I went to Pope Air Force Base to catch a space-available military aircraft hop to Fort Riley, but was bumped and rerouted twice. In Chicago the morning after I was supposed to return to base, I finally got Pete on the telephone. He said, “You are where?” and added that Woolley was pissed. Movement had been rescheduled and we were leaving within the week. Woolley himself had taken a forty-eight-hour pass to go somewhere, and I had better be there when he returned.
At reveille the next morning, I was back under the oak tree by the orderly room. The battalion was moving out to Vietnam in five days.
Railroad tracks ran beside the highway dissecting Fort Riley. For days passenger cars and engines came through the base to make up a train to transport the brigade to Oakland Naval Base, California.
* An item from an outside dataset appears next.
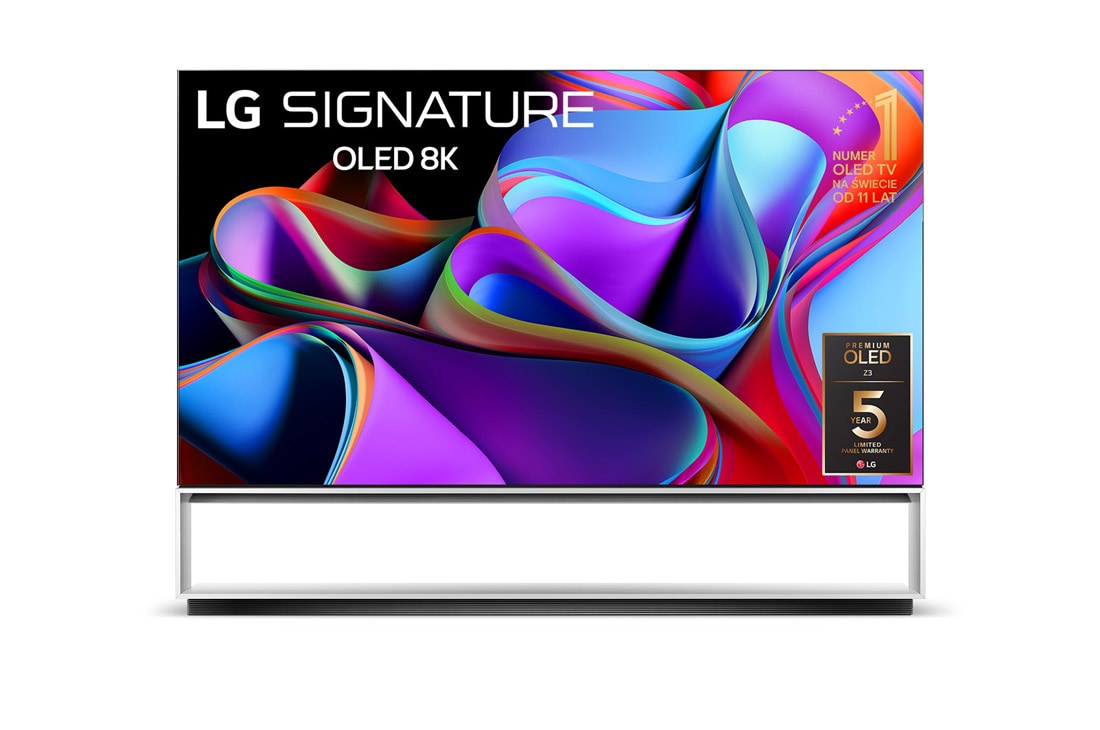 LG Telewizor LG 88” OLED evo 8K Smart TV ze sztuczną inteligencją, 120Hz, OLED88Z3, Widok od przodu telewizora LG OLED 8K evo, napis Od 11 lat telewizor OLED nr 1 na świecie, i logo 5-letniej gwarancji na matrycę, OLED88Z39LA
I had the company armorer take off most of the barrel of my shotgun. It changed the balance, but I thought that the weapon would have a broader shot pattern and I could point it quicker at close range. Bratcher, King, and I packed it with the jungle hammock in an antitank weapon box. King called it the “lieutenant’s survival kit.”
There were surprisingly few problems in packing out the company. We did not have that much equipment; the infantry operates with what it can carry. The antitank weapons and mortars were our biggest pieces, and after those were packed we killed time doing PT, waiting for the last of the platoon to return from leave.
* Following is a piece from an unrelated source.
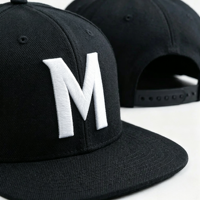 Casquettes Snapback Personnalisées avec Broderie 3D Lettre M, Tissu de Haute Qualité, Marquage Personnalisé, OEM ODM, Faible MOQ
Captain Woolley and I were at battalion headquarters one morning doing administrative chores when the sergeant major motioned us into Colonel Haldane’s office. “What are we going to do about this guy, Private Beck?” Haldane asked.
Woolley, in his usual good-mannered way with the battalion commander, said, “Well, sir, Beck’s a pretty good soldier according to Parker here. We think he’ll do okay.”
“The sergeant major says we can get him paroled to the 1st/28th. But if he proves to be disruptive or criminal, what’s the point?” Haldane looked at me as he finished.
“He’ll do fine, sir,” I replied. I briefly considered telling the colonel that the man had bribed his way to the 1st Division, but that sounded loopy as I thought about it, so I continued to hold the colonel’s gaze without further comment.
“Okay, we’ll do what’s necessary here. He’s the only man in the battalion in this kind of situation. He’s supposed to already be out of the service with a DD. How did he get here, anyway?” Haldane asked. I looked at Woolley and he shrugged.
Later I told Beck that he was going to Vietnam because I had stood in front of the colonel and vouched for him. “You better not make me look bad.”
Standing as tall as he could, Beck said, “I won’t let you down.”
When the train was finally assembled, formal movement orders were posted in the battalion area. We were to leave at 1500 hours on 17 September 1965.
Pete and I packed out of our BOQ the night before and left our gear in the orderly room while we went into Junction City for one last beer at the seedy bar we had gone to my first night at Fort Riley. Pete and I sat on the edge of a damaged pool table and watched the colorful mix of prostitutes, drifters, and other patrons going about their Thursday night business, which probably wasn’t much different from any other night. About to start a trip halfway around the world, we had no idea what awaited us. The common night crawlers who frequented that bar couldn’t have cared less, and we smiled about that.
“We gotta remember this scene,” Pete said. “It means something. I don’t know what exactly, but I think this is America, if we’re ever going to wonder about that later. I mean if we’re ever going to try and put our finger on what we’re doing over there, who we’re fighting for, just remember this lineup at the bar.”
A bum came over and begged a dollar to buy a beer.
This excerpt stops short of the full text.